Le faible taux de participation aux élections
Seulement, force est de constater que la participation aux élections n’a pas été un franc succès. Le taux de participation des travailleurs a été très faible : 3,91% dans le secteur des VTC et 1,83% dans celui de la livraison. Des associations de défense très actives telles que le Collectif des livreurs autonomes des plateformes (CLAP) ont refusé de se présenter, contestant la création d’une instance qui légitime le traitement spécial des plateformes en dehors de l’empire du droit social. En parallèle, comme l’explique Matthieu Vicente, maître de conférences à l’université de Montpellier, « les organisations de salariés sont supplantées par des organisations corporatistes ou patronales qui arrivent en tête dans chacun des deux secteurs. C’est particulièrement le cas de la FNAE [Fédération nationale des auto-entrepreneurs et micro-entrepreneurs], organisation membre de la CPME [Confédération des petites et moyennes entreprises] et dotée d’une représentativité de type patronal dans les organismes sociaux. Ayant fait une campagne pour le moins discrète, le pourcentage obtenu par cette organisation davantage tournée vers des stratégies de conseil et de lobbying que vers la mobilisation des travailleurs surprend, d’autant qu’elle se montre peu hostile aux plateformes » (cf. sa thèse portant sur Les Droits collectifs des travailleurs de plateformes soutenue en 2022). Sans surprise alors, la signature de trois accords en avril dernier a été à l’origine de nouvelles tensions entre les syndicats traditionnels de défense de salariés et ces nouvelles organisations plus corporatistes et favorables aux plateformes. En témoigne un communiqué de la CGT – qui après débat interne a choisi de participer aux élections professionnelles de l’ARPE – dénonçant la signature d’accords qui participent à « entériner un modèle social défavorable aux travailleurs avec le soutien du gouvernement ».
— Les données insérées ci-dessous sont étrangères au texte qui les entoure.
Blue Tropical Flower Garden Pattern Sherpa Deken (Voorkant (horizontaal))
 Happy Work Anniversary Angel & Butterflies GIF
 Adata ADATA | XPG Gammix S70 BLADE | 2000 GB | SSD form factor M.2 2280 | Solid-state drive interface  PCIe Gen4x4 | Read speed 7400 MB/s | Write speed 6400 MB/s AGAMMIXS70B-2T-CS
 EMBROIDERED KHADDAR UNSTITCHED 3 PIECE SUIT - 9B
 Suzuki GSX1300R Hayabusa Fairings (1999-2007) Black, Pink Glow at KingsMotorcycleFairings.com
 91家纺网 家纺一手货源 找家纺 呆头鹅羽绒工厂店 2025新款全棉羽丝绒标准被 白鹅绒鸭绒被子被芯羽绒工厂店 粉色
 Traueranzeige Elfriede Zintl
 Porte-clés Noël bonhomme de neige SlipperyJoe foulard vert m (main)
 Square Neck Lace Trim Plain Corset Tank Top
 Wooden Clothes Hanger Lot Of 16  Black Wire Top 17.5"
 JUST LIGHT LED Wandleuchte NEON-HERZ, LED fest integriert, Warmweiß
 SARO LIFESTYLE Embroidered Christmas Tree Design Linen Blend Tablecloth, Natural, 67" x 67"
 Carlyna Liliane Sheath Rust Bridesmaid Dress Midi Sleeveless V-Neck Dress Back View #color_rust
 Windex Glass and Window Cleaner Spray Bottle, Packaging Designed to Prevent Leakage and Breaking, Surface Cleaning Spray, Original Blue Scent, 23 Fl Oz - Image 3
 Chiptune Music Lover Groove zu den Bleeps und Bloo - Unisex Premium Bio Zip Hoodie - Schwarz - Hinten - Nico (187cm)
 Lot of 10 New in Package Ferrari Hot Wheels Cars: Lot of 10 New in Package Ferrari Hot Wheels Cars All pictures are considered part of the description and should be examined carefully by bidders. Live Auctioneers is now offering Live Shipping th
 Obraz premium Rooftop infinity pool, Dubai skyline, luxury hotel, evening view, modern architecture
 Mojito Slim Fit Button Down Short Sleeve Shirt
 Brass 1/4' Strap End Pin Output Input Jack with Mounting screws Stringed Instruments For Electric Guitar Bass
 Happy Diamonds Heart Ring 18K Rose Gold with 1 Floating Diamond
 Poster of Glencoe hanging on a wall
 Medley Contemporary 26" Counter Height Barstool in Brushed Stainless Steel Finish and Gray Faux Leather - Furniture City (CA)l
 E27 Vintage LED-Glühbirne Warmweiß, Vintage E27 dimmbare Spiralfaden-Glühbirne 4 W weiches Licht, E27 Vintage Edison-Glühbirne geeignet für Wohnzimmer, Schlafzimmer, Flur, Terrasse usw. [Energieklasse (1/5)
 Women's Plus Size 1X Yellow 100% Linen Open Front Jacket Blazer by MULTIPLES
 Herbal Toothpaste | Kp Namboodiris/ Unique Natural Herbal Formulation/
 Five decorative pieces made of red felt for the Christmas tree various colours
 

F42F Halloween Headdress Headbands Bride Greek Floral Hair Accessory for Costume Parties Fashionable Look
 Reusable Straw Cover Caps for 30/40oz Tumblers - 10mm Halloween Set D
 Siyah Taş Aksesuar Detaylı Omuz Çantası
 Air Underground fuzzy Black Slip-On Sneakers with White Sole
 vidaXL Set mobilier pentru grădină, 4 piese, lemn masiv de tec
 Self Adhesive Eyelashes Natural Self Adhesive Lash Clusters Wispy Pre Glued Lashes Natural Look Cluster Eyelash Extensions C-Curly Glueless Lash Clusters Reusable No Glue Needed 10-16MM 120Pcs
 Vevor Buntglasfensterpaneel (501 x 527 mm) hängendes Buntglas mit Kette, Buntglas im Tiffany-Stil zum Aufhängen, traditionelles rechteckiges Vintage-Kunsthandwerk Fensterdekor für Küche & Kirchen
Difficile en raison de l’atomisation des collectifs et de la précarité des travailleurs, la bataille syndicale pour la reconnaissance des droits sociaux n’est donc pas simplifiée avec la création de ce type d’instances ad hoc. Elles participent en effet à légitimer l’organisation frauduleuse des plateformes de travail. Espérons que la toute prochaine directive européenne établissant une présomption de salariat permettra à l’inverse d’appuyer le combat syndical pour les droits sociaux des travailleurs des plateformes.

Barbara Gomes est juriste. Elle est maîtresse de conférences à l’université d’Avignon.